Parti de Liverpool... / Hans le marin / Le sel de la mer - Edouard Peisson
C’est affreux ! Je (ta d loi du cine, « squatter » chez dasola) perds la mémoire. Sur les trois romans d’Edouard Peisson (1896-1963) que je chronique aujourd’hui, j’étais persuadé qu’il y en avait un que je ne connaissais pas. En fait, ils étaient tous trois dans ma pochothèque depuis quatre décennies.

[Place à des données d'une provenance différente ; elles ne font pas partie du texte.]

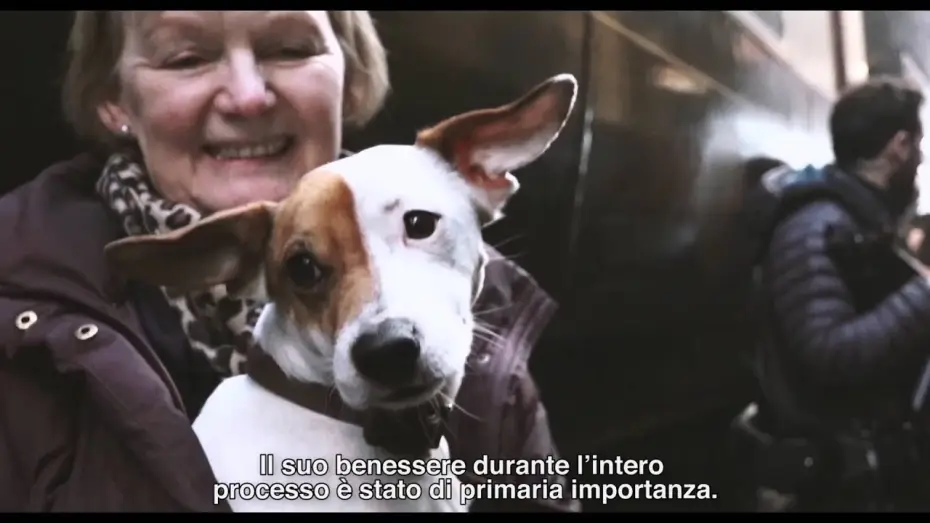Video for the film The Danish Girl — THE DANISH GIRL di Tom Hooper - Featurette "Pixie" (sottotitoli in italiano)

Hans le marin, Le livre de Poche N°257, 2e trim. 1964 (© Bernard Grasset, 1929), 180 pages
Parti de Liverpool..., Le livre de Poche N°855, 4e trim.1966 (© Bernard Grasset, 1932), 241 pages
Le sel de la mer, Le livre de Poche N°518-519, 3e trim. 1965 (© Bernard Grasset 1953, 1954, 1955), 499 pages
Je commence par celui qui peut avoir un intérêt sociologique, mais qui est davantage un "polar" qu'un "livre de métier". Dans Hans le marin, nous n’avons guère de navigation, plutôt une mésaventure portuaire. Hans Muller est un jeune (25 ans) marin américain, né à Hambourg, et qui a manifestement fait la guerre (le roman date de 1929). Dans quel camp ? On ne le saura pas. Ni exactement le pays où il a passé son enfance, en rêvant de bateaux. Quand l’Alabama sur lequel il navigue fait escale à Marseille, il descend à terre avec trois autres matelots, dans l’idée d’y passer la nuit (« petites femmes ? »). Il se réveille à l’hôpital, blessé d’un coup de couteau, dépouillé de ses dollars : il s’est fait « entôler » par une certaine Marcelle, qui l’a soûlé puis amené dans un guet-apens. Guéri, mais sans argent ni papiers, il va devoir apprendre à survivre en marge de la société. Dans cette Marseille de l’entre-deux guerre, avant même la grande crise économique, la vie est dure aux miséreux. À l’asile de nuit, il rencontre un « gueux » (La Bête), et se fait chiffonnier pour survivre, puis « guide » pour marins débarqués ou bourgeois souhaitant s’encanailler. Quand l’Alabama repasse à Marseille, six mois plus tard, il a l’occasion de revenir à bord (certains marins le connaissent). Mais la vengeance est un plat qui se mange froid…
J’ai relu en deux heures ce roman nerveux, tout en phrases courtes et en amères notations. Mon exemplaire est aussi vieux que moi. Il m’avait été offert en vue de mes 17 ans.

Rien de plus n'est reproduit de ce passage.